Growth Factor Stimulation Leads To Increase In New Neurons In The Brain

Emory University researchers have demonstrated that several regions of the adult rat brain have the capacity to acquire new neurons following the introduction of a growth factor into the brain’s lateral ventricle, located in the depths of the cerebral cortex. The study is the first to show the presence of numerous new neurons in certain regions of the brain where they previously have not been found, and suggests that the adult brain may be able to replace neurons lost due to injury or disease. The results were published in the September 1 issue of the Journal of Neuroscience.
The research team, headed by Emory Professor of Cell Biology Marla Luskin, Ph.D., also included Emory cell biology fellow Viorica Pencea, M.D., Kimberly Bingaman, M.D. and Stanley Wiegand, Ph.D., of Regeneron Pharmaceuticals, Inc.

Although the majority of neurons in the forebrain of mammals are formed prenatally, scientists have learned over the past few years that certain areas of the adult brain can produce new neurons, including the hippocampus and the subventricular zone (a cell layer surrounding the lateral ventricles of the forebrain).
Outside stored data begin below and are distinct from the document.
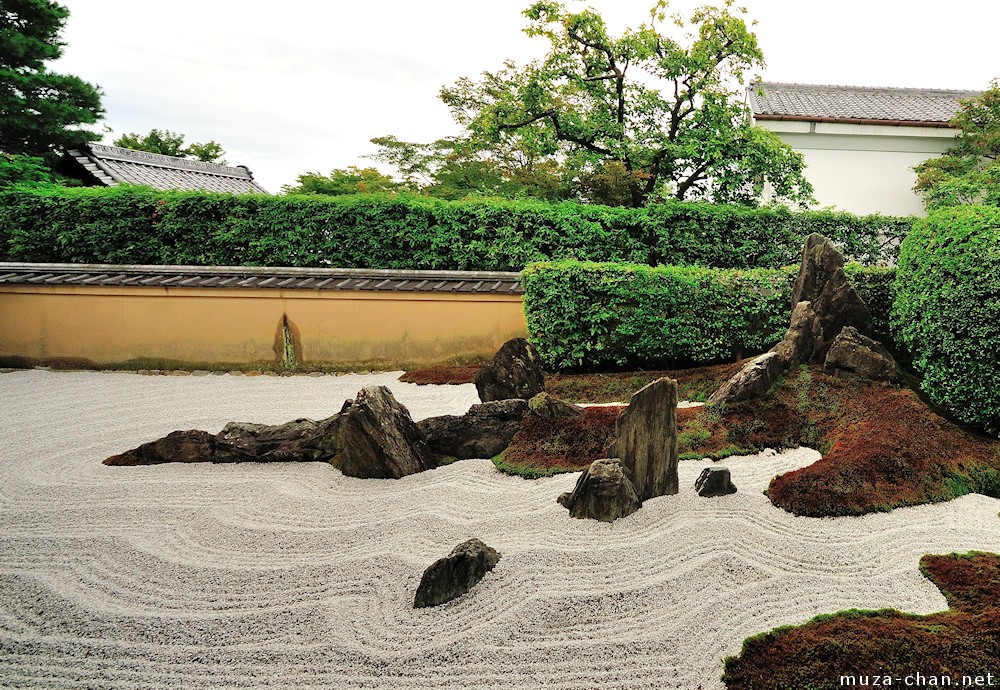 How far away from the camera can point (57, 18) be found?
48.3 ft

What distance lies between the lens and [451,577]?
331 centimetres

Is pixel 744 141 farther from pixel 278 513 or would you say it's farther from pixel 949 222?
pixel 278 513

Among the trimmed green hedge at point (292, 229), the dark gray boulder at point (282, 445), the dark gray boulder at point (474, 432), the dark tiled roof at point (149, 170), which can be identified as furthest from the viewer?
the dark tiled roof at point (149, 170)

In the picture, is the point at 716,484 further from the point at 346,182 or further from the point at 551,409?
the point at 346,182

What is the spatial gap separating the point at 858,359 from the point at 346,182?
15475mm

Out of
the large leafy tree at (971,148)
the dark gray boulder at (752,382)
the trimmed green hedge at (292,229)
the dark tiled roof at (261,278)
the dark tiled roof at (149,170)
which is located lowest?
the dark gray boulder at (752,382)

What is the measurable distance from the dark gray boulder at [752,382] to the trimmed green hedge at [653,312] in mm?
1747

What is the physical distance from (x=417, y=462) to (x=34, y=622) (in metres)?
2.67

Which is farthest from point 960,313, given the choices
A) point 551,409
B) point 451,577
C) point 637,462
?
point 451,577

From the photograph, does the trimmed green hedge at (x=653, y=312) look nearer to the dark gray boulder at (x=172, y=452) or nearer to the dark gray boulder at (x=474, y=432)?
the dark gray boulder at (x=474, y=432)

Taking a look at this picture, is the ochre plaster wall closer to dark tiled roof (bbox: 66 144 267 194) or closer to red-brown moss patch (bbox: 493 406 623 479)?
red-brown moss patch (bbox: 493 406 623 479)

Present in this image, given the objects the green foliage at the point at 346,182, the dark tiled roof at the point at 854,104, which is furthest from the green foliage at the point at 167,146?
the dark tiled roof at the point at 854,104

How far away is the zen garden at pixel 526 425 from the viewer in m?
2.98

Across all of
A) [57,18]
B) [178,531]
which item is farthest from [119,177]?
[178,531] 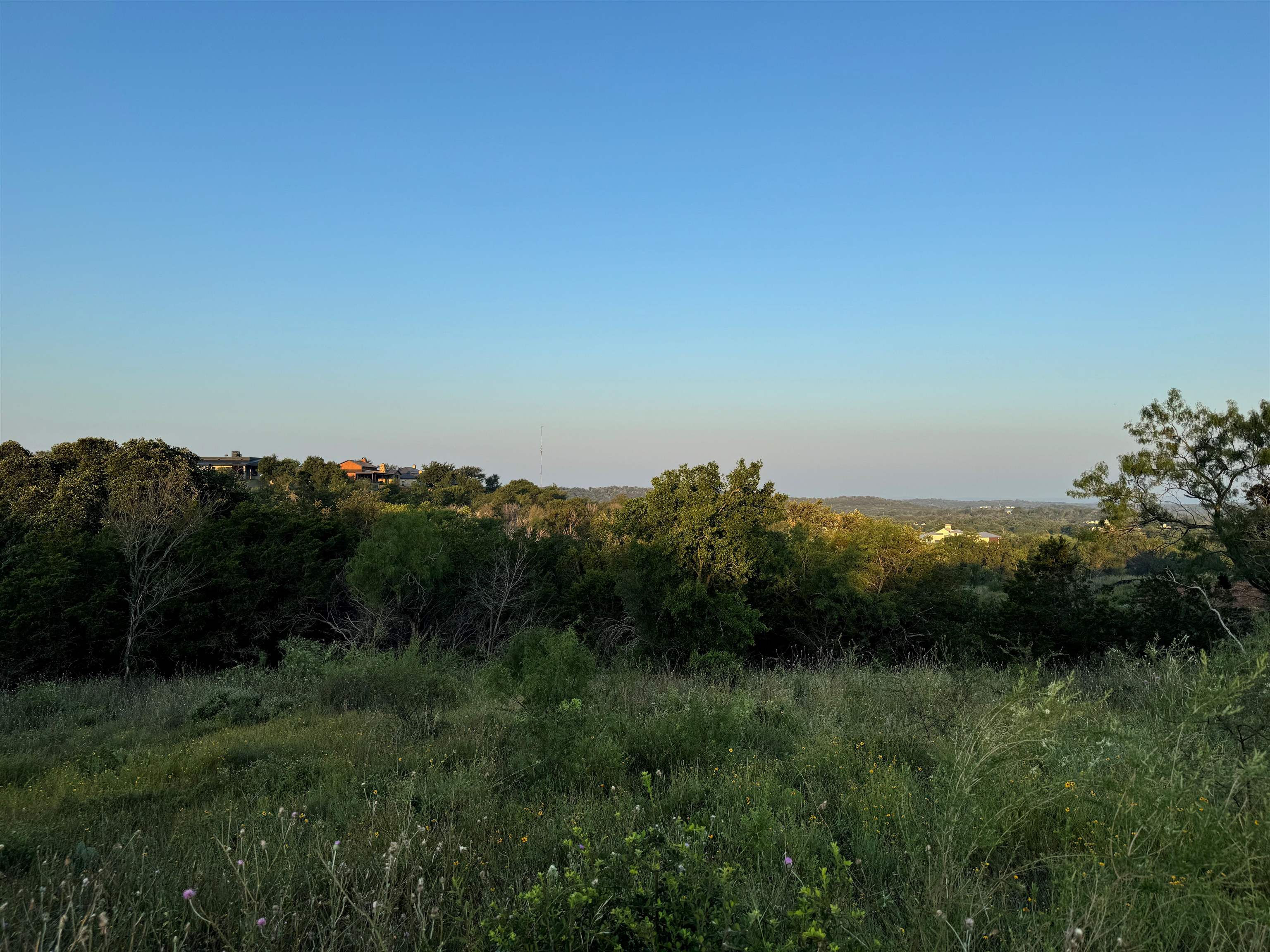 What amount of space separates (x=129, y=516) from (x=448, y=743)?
60.1 feet

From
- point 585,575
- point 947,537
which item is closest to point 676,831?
point 585,575

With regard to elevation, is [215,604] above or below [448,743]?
below

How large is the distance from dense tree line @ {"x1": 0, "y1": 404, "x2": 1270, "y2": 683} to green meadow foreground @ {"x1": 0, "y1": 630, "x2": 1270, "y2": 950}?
8664mm

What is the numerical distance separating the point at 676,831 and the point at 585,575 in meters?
19.5

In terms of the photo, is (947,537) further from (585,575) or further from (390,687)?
(390,687)

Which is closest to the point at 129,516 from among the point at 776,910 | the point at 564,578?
the point at 564,578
The Emory scientists administered the growth factor BDNF (brain-derived neurotrophic growth factor) into the lateral ventricle of the brains of adult rats for approximately two weeks, and waited another two weeks before they examined the brains for the presence of new cells. They detected newly generated neurons in several forebrain structures, including in the parenchyma (gray matter) of the striatum, septum, thalamus and hypothalamus — areas that serve a multitude of cognitive and vital neurological functions. The newborn cells were identified by infusing the brain with the cell proliferation marker BrdU, which serves as a permanent label for newborn cells, in conjunction with the BDNF. Until this study was done, neurogenesis (the production of neurons) had not been demonstrated in the thalamus and hypothalamus during postnatal life, and in only very limited numbers in the septum and striatum.
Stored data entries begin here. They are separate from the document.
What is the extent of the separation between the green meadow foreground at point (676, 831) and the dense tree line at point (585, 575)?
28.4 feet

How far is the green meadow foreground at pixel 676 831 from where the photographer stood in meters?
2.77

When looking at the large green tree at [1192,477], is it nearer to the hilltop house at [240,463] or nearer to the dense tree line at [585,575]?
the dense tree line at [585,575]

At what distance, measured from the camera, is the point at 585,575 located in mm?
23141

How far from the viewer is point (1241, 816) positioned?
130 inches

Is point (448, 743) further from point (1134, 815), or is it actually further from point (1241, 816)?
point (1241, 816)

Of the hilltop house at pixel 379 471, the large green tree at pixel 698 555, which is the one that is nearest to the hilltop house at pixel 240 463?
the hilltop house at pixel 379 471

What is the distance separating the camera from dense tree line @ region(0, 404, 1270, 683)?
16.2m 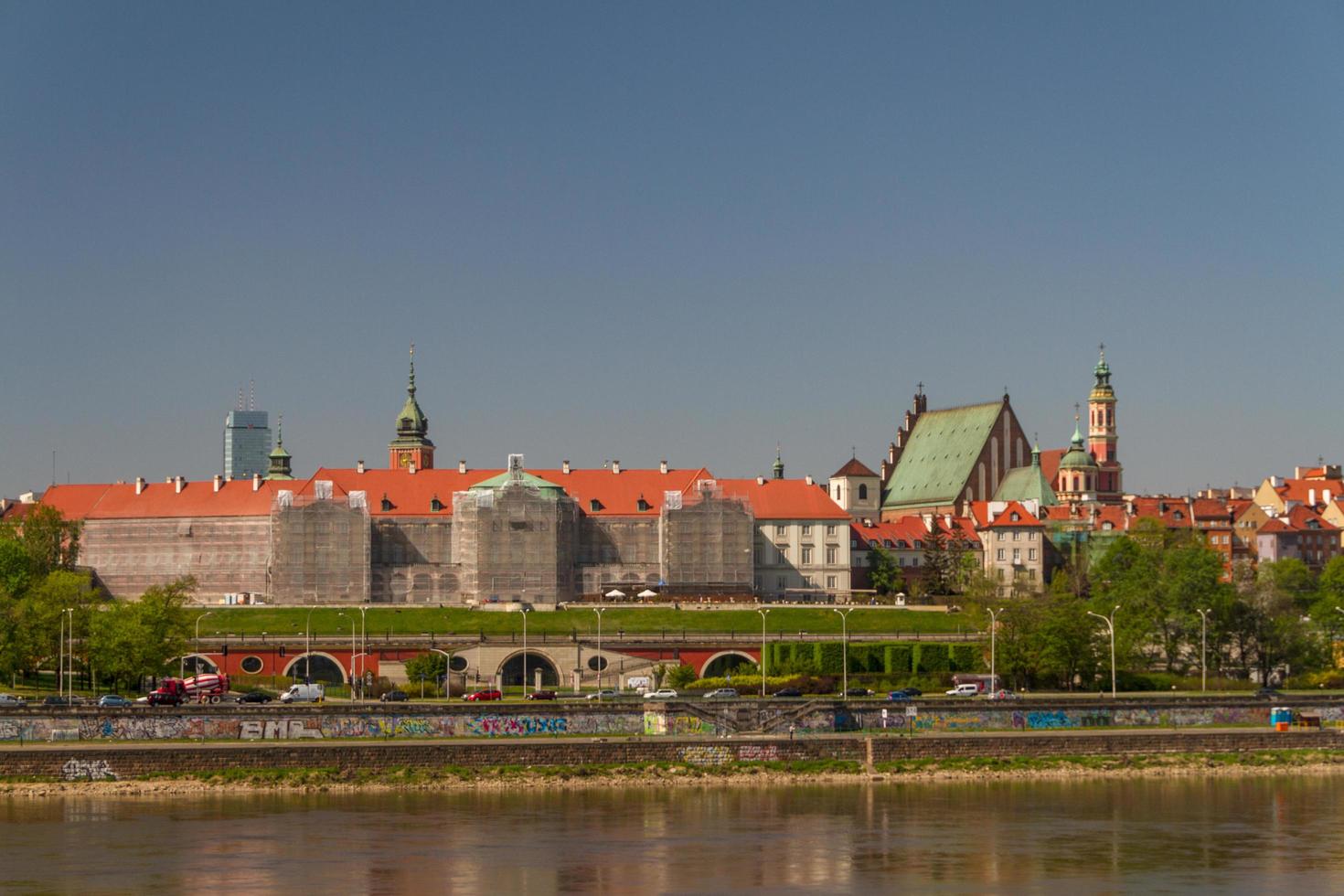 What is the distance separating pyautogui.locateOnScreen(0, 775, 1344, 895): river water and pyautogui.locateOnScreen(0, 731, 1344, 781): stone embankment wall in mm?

Earlier studies had shown that most new cells in the adult brain originate in the subventricular zone surrounding the lateral ventricles. Furthermore, Dr. Luskin’s experiments previously showed that a specialized region of the postnatal subventricular zone contains progenitor cells whose progeny (daughter cells) migrate along a pathway known as the rostral migratory stream to the olfactory bulb. Dr. Luskin and colleagues demonstrated that the special region of the subventricular zone and the rostral migratory stream contain a unique population of dividing neurons (neuronal progenitor cells). Everywhere else in the brain, neurons are post-mitotic cells (unable to divide). Dr. Luskin’s previous experiments demonstrate that BDNF infusion leads to an immense increase in the numbers of new neurons in the rostral migratory stream and olfactory bulb, a portion of the brain involved in the processing of smells..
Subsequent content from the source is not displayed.